Ronchi Gratings
Guys,
In a previous life I was the Section Director of the Photographic Section of the ASV for about ten years, in the hayday of 2415 and Hypered film etc. We had exactly the same problems as you have today! How do you get precise focus and how good are the optics.
I wrote a series of articles on astro-photography including a write-up on Ronchi Gratings; what they are and how to use them. I need to check my archives and see if I can re-find them and upload.
In the meantime I have some Ronchi gratings which I made using a slide copier and an "original" with the trustly OM-1 and 2415 B&W film. Over the years I've given most of them away to amateurs like ourselves. The 120/150 line per inch was the optimum.

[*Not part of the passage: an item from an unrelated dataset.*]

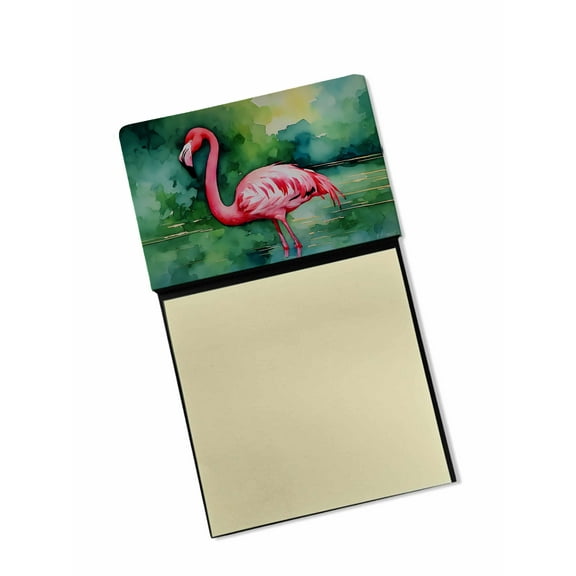 Flamingo Sticky Note Holder 3.25 in x 5.25 in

Don't know if nowadays you can get the resolution by printing onto a transparent film with a standard inkjet/ laser type printer?? I've also used successfully a bit of fine mesh with similar lines/inch. I'm prepared to check out my "stock" and copy additional 35mm frames in B&W of the gratings I have and distribute them for a SAE.
The Ronchi grating acts like a Foucult knife edge tester but with multiple knife edges!! When the grating is precisely at focus, ( no eyepiece in the scope, only the grating positioned at the focus of the main mirror/ objective) the image of the star ( assuming we're testing a telescope against a star in the night sky) will appear as a grey disk similar to that seen in a Foucult mirror test... any distortions of the optical system will show up as lighter or darker grey areas against a uniform medium grey background. Because we're effectively testing the system with an infinite distant star, a perfect optical system will show an even gray.
When the grating is moved slightly away from focus, you'll see four or five dark and light "lines" or bands across the image: any distortion of the lines is bad news!! They should be straight, parallel, evenly spaced and no edge ripple or distortion. 100% perfect optics under 100% perfect skies!
Any distortion; the lines appearing to be closer at one edge or the other would indicate mis-alignment of the optics; they should be straight, evenly spaced and parallel.
If they appear thicker in the middle than the edges or curved inwards at the edges; the mirror/ objective is undercorrected and not the perfect shape!! Not much you can do about it unless you regrind the mirror/ replace the objective.
An easy tool to use: great for finding focus and setting flip mirrors etc.